Tuesday, May 31, 2011

Jumping up and down on the fantasy bandwagon

In the Wall Street Journal, Alexandra Alter says that literary authors are "jump[ing] on the fantasy bandwagon" this summer. All manner of highbrows are now writing about werewolves, zombies, ghosts, and robots, and evidently raking in the cash. Some of us have in fact been riding this very bandwagon for years, hopping up and down and waving our arms; but if this "new" trend means that novels about domed cities, crackpot marketing schemes, the Apocalypse, Bigfoot, and kind-of-magical babies are now hip--and lucrative--then I am all for it. Have I mentioned that my novel is about a domed city, a crackpot marketing scheme, the Apocalypse, Bigfoot, and a kind-of-magical baby? And celebrities? OK, just checking.

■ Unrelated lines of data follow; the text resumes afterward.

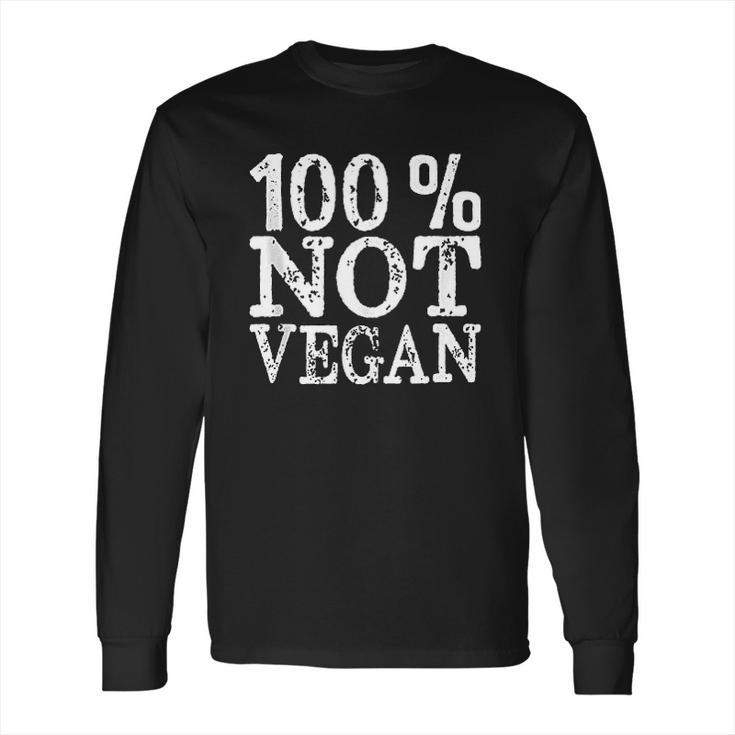 100 Not Vegan Bbq Carnivore Diet Meat Eater Food Zero-Carb Long Sleeve T-Shirt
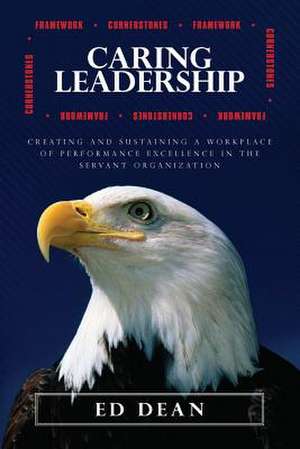 Caring Leadership de Ed Dean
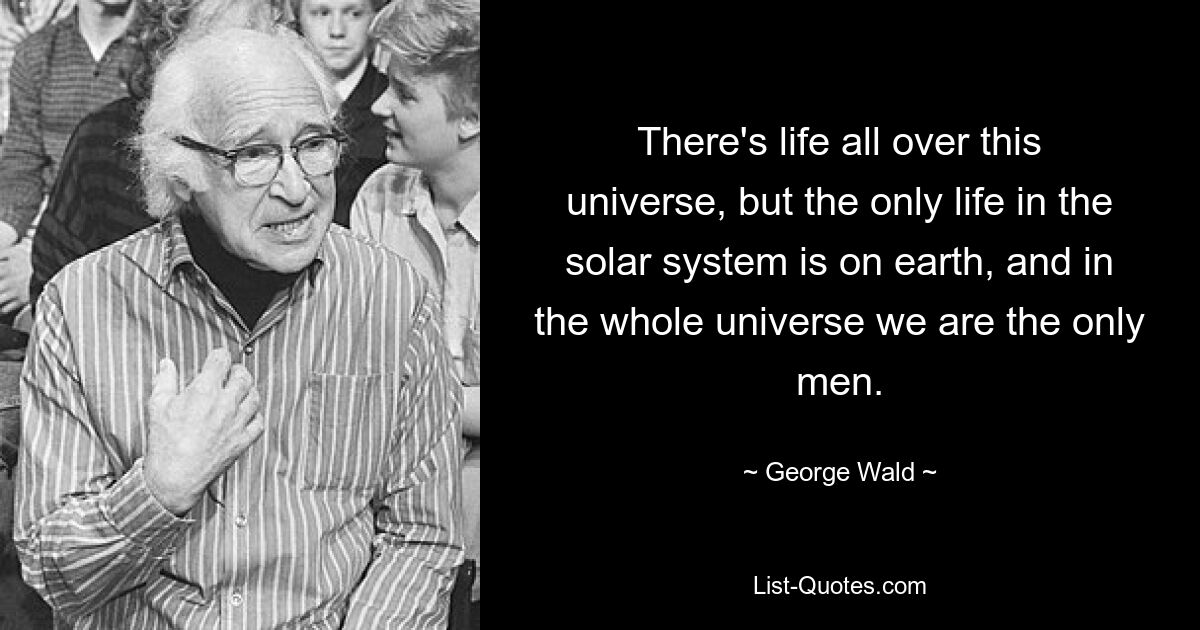 There's life all over this universe, but the only life in the solar system is on earth, and in the whole universe we are the only men. — © George Wald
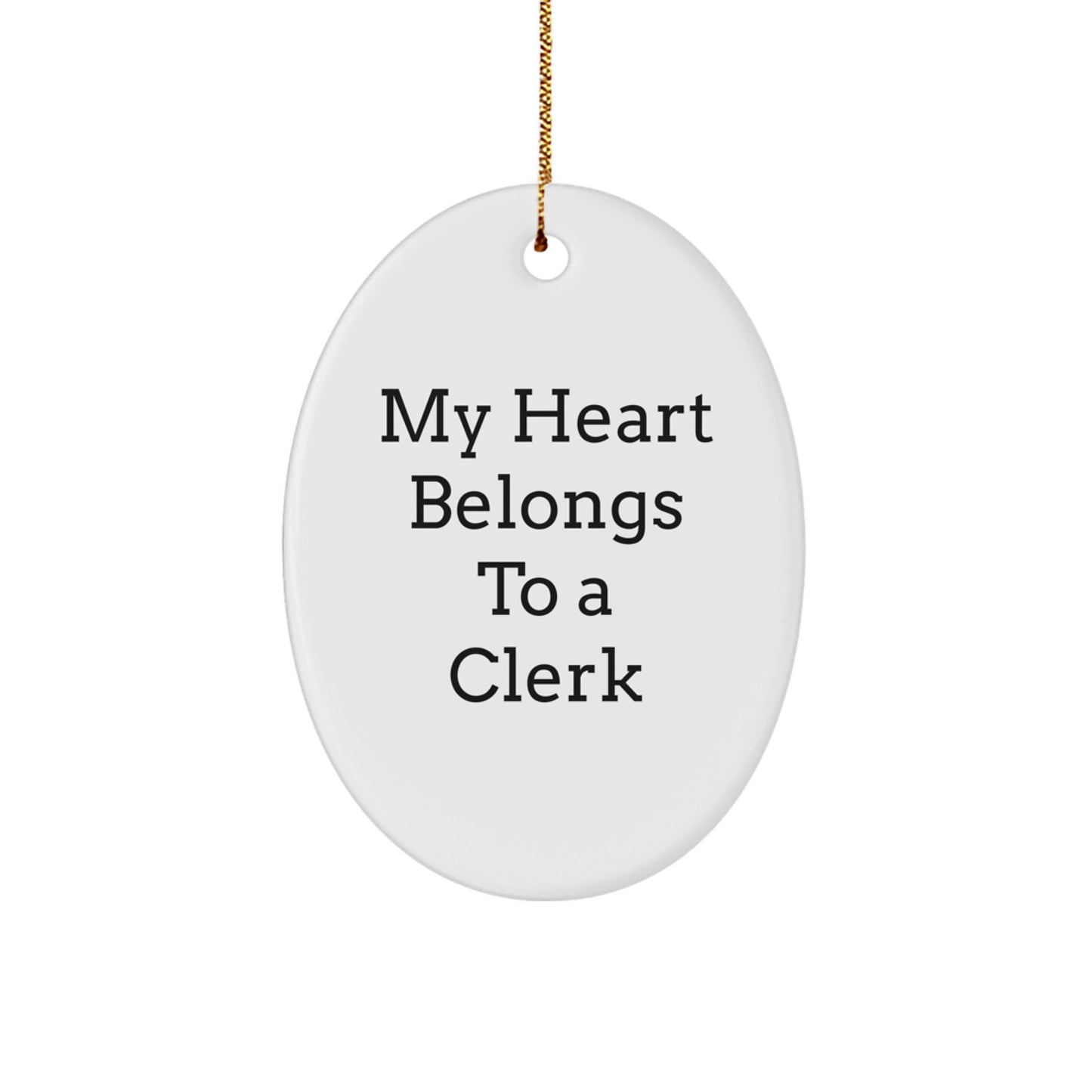 Funny Clerk Gifts from Friends - 'My Heart Belongs To A Clerk' Oval Ornament for Christmas - Image 1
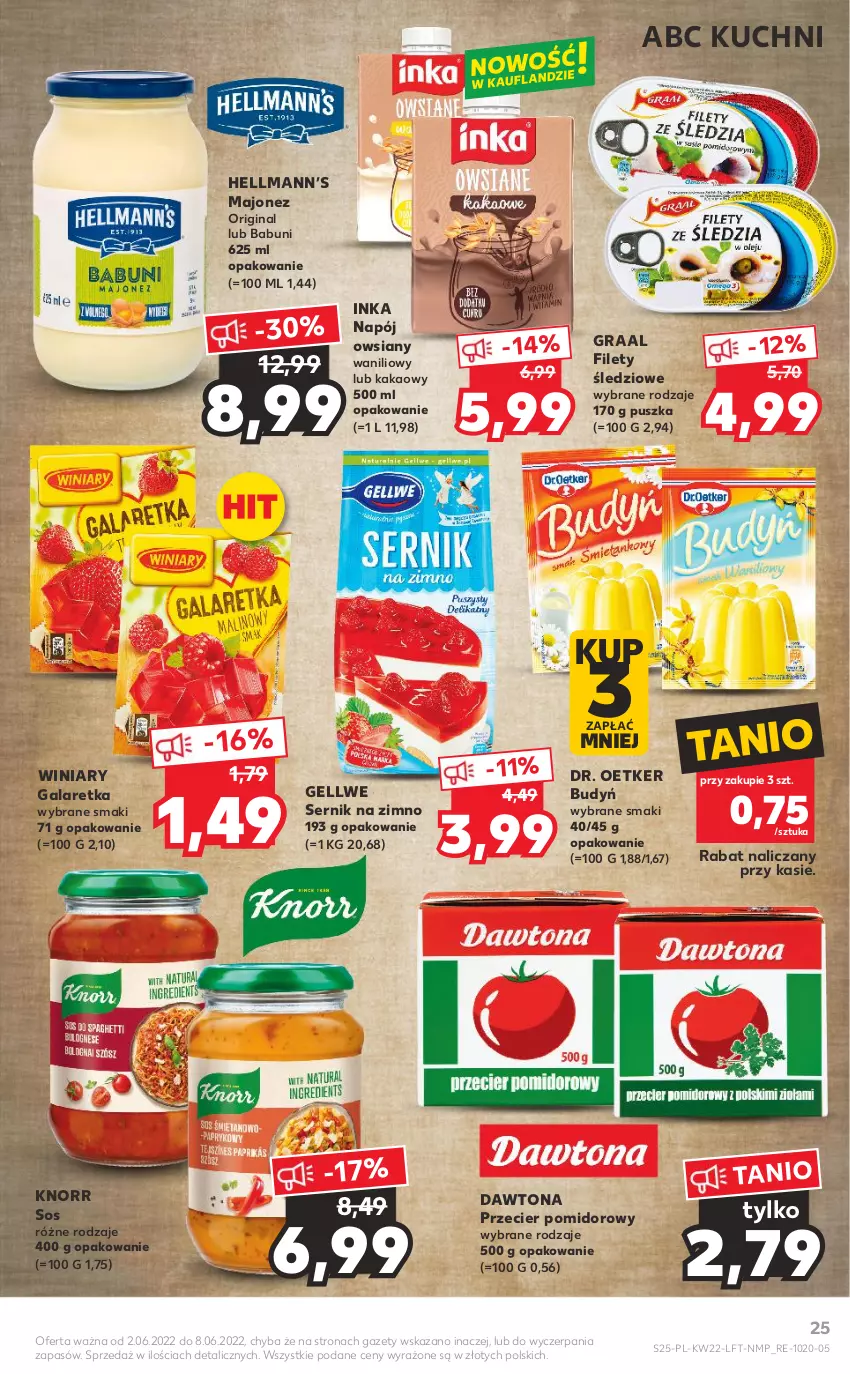 Gazetka promocyjna Kaufland - OFERTA TYGODNIA - ważna 02.06 do 08.06.2022 - strona 25 - produkty: Babuni, Budyń, Dawtona, Dr. Oetker, Gala, Galaretka, Gin, Gra, Graal, Hellmann’s, Inka, Kakao, Knorr, Majonez, Napój, Ser, Sos, Winiary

Apart from yapping after the accelerating Audi of mainstream success, I suspect these literary authors are also taking post-post modernism in another, logical direction. Those who are congenitally suspicious of "realism" may be getting tired of self-consciously playing around with figurative language--with clouding the lens, as it were. (Though not me, God knows.) Entering the imagined worlds normally reserved for science fiction and fantasy is another way of saying, "What do you mean, 'represent reality'? No, really, what do you mean?" Probably more readers will enjoy this second way of asking the question.